:: Problem details ::
Instruction for the entries that follow: retype exactly the lines from the line with "ＢＭＷ ５２３ｄ Mスポーツ" to the line with "Tunggal putra Denmark, Anders", both included, and omit all others.

══ Supplied information ══

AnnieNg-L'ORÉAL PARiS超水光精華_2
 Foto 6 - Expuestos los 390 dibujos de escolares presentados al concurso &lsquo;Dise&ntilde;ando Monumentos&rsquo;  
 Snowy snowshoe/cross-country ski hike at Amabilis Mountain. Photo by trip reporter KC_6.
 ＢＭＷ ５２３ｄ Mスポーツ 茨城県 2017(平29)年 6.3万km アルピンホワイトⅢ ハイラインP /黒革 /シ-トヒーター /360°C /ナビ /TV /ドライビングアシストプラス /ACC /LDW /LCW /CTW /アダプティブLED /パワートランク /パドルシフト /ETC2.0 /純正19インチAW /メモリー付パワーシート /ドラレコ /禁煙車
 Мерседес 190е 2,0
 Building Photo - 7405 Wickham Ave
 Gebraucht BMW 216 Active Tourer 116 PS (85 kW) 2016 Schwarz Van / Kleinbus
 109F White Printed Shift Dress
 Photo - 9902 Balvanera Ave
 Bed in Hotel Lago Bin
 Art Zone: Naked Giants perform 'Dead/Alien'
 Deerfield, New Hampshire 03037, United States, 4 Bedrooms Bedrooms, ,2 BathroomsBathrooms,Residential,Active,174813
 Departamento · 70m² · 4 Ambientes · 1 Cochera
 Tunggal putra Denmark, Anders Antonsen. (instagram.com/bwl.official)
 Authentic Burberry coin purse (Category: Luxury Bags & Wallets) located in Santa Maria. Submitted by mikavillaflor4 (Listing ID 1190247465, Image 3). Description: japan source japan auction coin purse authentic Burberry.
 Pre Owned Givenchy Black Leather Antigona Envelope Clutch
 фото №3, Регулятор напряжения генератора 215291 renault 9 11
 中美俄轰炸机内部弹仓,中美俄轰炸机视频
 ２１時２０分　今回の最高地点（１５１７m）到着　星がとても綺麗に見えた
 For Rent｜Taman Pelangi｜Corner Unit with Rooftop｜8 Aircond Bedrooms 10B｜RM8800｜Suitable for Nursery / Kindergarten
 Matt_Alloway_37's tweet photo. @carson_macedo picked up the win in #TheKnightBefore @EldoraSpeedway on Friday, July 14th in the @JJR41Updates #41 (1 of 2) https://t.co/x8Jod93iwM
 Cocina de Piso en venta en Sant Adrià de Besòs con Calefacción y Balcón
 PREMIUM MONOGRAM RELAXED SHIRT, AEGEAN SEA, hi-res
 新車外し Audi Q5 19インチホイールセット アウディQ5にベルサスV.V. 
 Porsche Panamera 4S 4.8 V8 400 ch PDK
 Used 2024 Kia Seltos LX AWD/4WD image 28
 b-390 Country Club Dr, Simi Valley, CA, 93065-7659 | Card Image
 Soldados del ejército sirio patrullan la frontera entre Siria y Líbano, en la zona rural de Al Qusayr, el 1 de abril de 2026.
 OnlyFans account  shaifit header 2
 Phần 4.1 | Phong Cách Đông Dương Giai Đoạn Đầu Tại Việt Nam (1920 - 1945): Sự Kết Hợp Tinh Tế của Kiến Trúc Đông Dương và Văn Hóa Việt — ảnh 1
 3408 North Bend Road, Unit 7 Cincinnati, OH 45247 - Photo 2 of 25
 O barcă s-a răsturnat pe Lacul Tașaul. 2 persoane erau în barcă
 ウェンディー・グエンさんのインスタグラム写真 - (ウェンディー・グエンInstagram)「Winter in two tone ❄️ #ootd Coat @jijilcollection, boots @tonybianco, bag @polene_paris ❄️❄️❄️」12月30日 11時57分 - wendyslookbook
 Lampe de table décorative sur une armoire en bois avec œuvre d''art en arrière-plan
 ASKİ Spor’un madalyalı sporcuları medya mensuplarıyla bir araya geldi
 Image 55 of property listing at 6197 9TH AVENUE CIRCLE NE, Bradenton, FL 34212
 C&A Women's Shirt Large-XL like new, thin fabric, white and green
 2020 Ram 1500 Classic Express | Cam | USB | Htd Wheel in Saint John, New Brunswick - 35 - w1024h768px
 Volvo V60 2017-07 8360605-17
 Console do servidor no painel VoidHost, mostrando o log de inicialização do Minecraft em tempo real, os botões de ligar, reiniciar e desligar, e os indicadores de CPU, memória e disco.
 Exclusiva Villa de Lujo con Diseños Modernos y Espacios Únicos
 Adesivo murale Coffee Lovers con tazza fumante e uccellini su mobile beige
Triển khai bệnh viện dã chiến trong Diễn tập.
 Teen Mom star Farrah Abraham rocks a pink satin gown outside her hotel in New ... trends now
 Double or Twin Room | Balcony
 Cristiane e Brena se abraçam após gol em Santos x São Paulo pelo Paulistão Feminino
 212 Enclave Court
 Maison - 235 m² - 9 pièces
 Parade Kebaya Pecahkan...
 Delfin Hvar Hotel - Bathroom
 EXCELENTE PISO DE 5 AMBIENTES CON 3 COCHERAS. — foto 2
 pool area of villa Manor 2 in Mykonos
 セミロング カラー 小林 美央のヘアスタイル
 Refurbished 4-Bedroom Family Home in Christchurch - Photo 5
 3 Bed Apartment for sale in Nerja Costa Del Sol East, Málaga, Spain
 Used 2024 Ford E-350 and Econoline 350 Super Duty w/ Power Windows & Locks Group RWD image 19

═══

:: Output for this task ::
 ＢＭＷ ５２３ｄ Mスポーツ 茨城県 2017(平29)年 6.3万km アルピンホワイトⅢ ハイラインP /黒革 /シ-トヒーター /360°C /ナビ /TV /ドライビングアシストプラス /ACC /LDW /LCW /CTW /アダプティブLED /パワートランク /パドルシフト /ETC2.0 /純正19インチAW /メモリー付パワーシート /ドラレコ /禁煙車
 Мерседес 190е 2,0
 Building Photo - 7405 Wickham Ave
 Gebraucht BMW 216 Active Tourer 116 PS (85 kW) 2016 Schwarz Van / Kleinbus
 109F White Printed Shift Dress
 Photo - 9902 Balvanera Ave
 Bed in Hotel Lago Bin
 Art Zone: Naked Giants perform 'Dead/Alien'
 Deerfield, New Hampshire 03037, United States, 4 Bedrooms Bedrooms, ,2 BathroomsBathrooms,Residential,Active,174813
 Departamento · 70m² · 4 Ambientes · 1 Cochera
 Tunggal putra Denmark, Anders Antonsen. (instagram.com/bwl.official)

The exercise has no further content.